= Instructions to follow =
Please output the listing below character for character and omit the images.

= Provided material =
[Start of section]
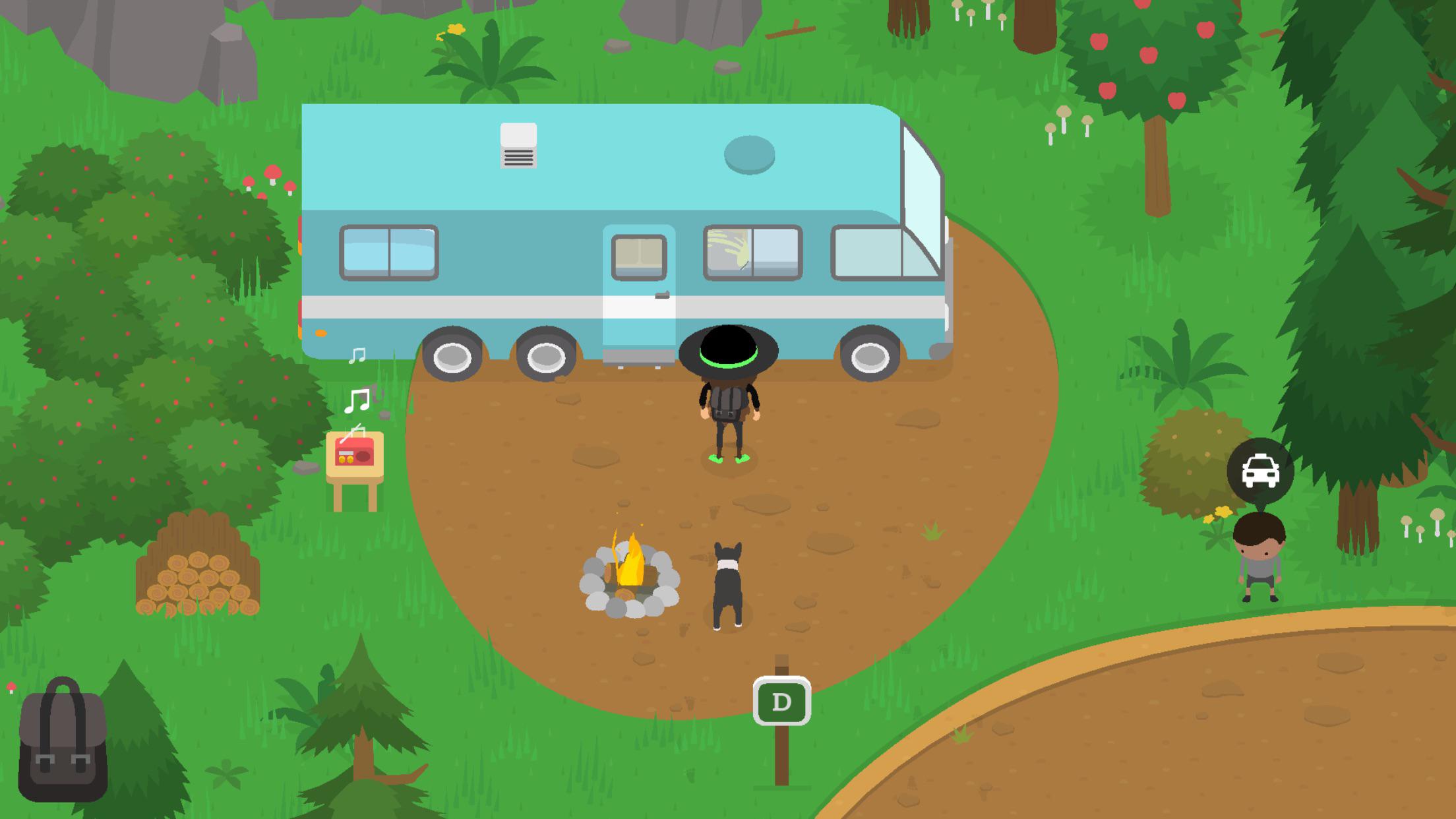 How To Get Rich In Sneaky Sasquatch 2024 Natka Patrizia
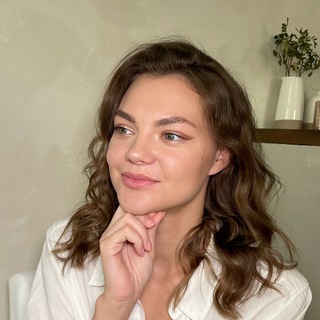 Логотип телеграм канала @mozg_naiznanku — МОЗГ НАИЗНАНКУ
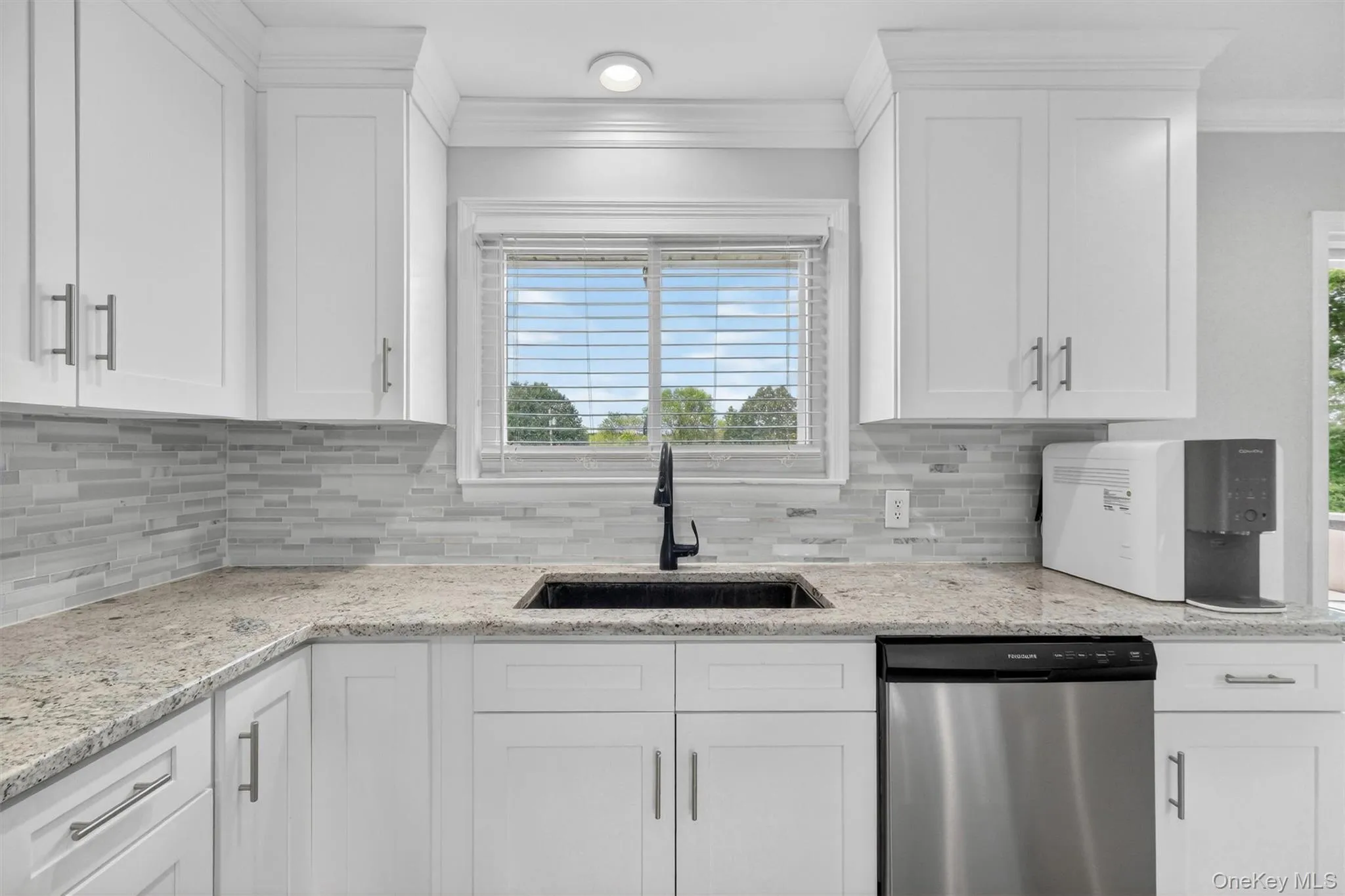 10 Tanglewood Drive, Goshen, NY, 4 Bedrooms Bedrooms, 8 Rooms Rooms,1 BathroomBathrooms,Residential,For Rent,Tanglewood,0,998342 10 Tanglewood Drive, Goshen, NY, 4 Bedrooms Bedrooms, 8 Rooms Rooms,1 BathroomBathrooms,Residential,For Rent,Tanglewood,0,998342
[End of section]
= Your response =
 How To Get Rich In Sneaky Sasquatch 2024 Natka Patrizia
 Логотип телеграм канала @mozg_naiznanku — МОЗГ НАИЗНАНКУ
 10 Tanglewood Drive, Goshen, NY, 4 Bedrooms Bedrooms, 8 Rooms Rooms,1 BathroomBathrooms,Residential,For Rent,Tanglewood,0,998342 10 Tanglewood Drive, Goshen, NY, 4 Bedrooms Bedrooms, 8 Rooms Rooms,1 BathroomBathrooms,Residential,For Rent,Tanglewood,0,998342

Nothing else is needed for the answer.